Given information: Begin

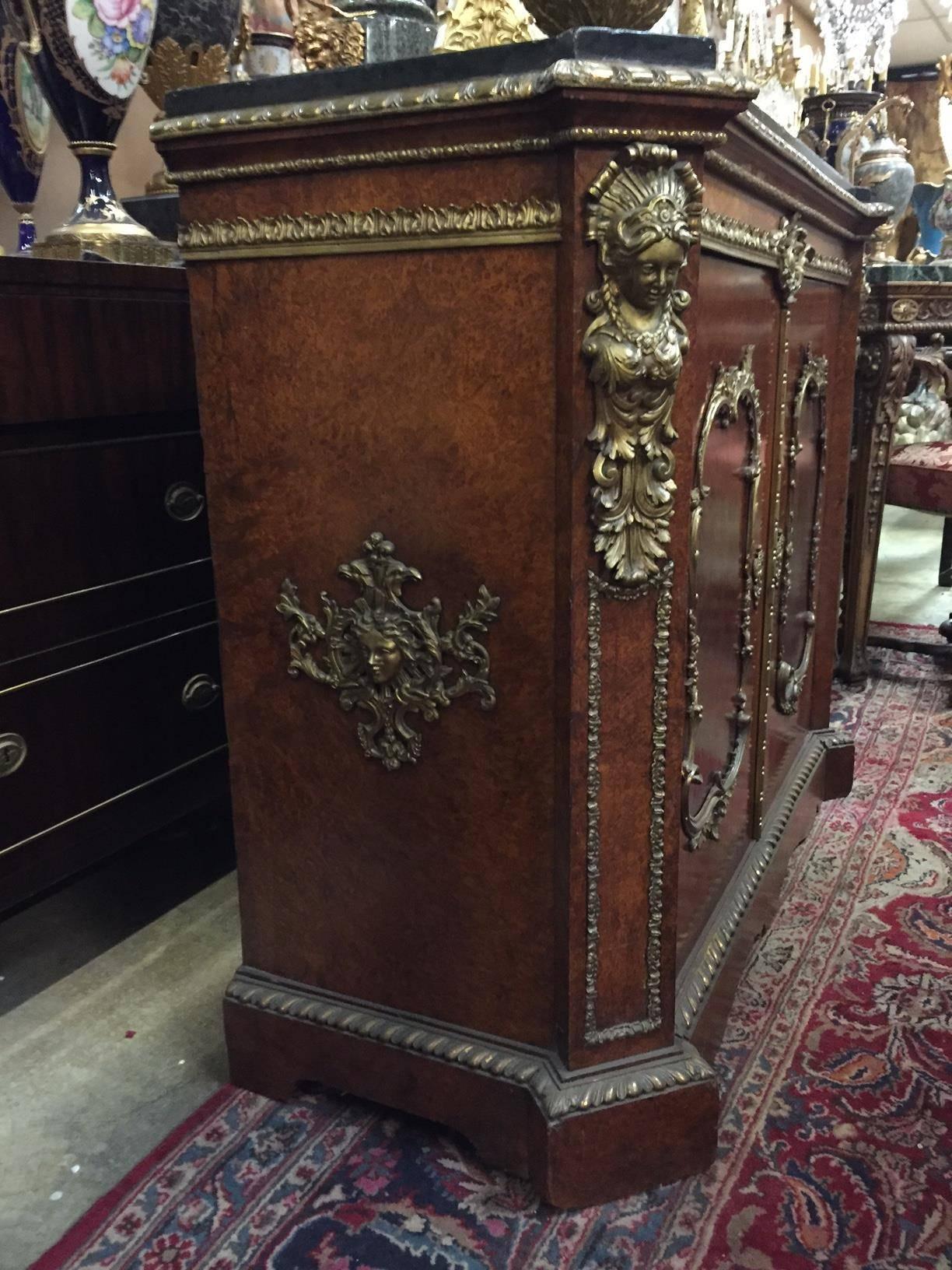 Pair of French Gilt Bronze-Mounted Cabinets, 19th Century For Sale 3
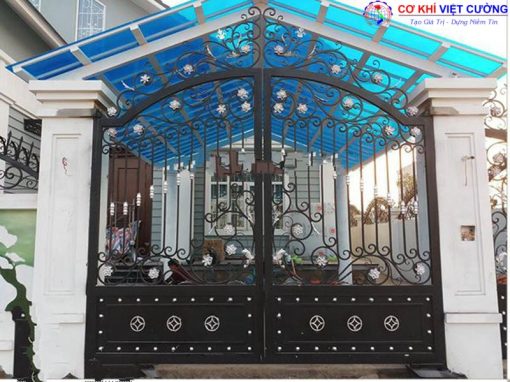 Báo Giá Cửa Cổng Sắt Nghệ Thuật Đẹp 2025 - Ảnh 2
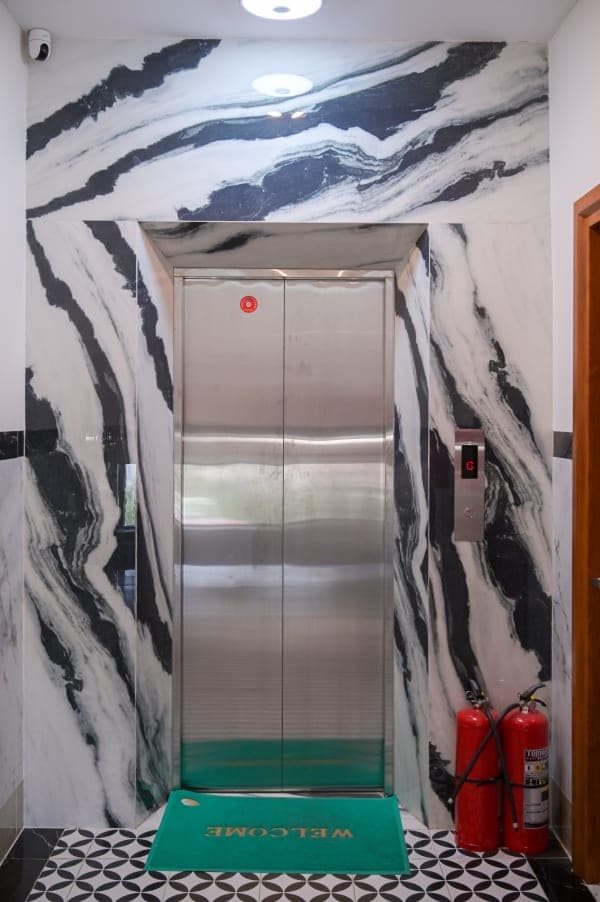 Lobby elevator — Can Tho girls hostel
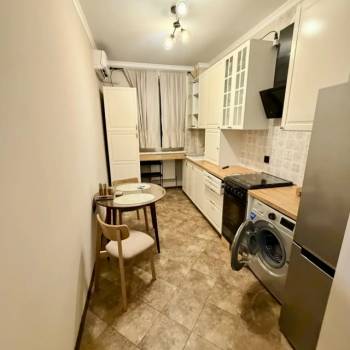 Сдается 1-комнатная квартира, 41 м²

Given information: End

**Required work:**
Write out all of the data above exactly, pictures excluded.

**Answer box:**
 Pair of French Gilt Bronze-Mounted Cabinets, 19th Century For Sale 3
 Báo Giá Cửa Cổng Sắt Nghệ Thuật Đẹp 2025 - Ảnh 2
 Lobby elevator — Can Tho girls hostel
 Сдается 1-комнатная квартира, 41 м²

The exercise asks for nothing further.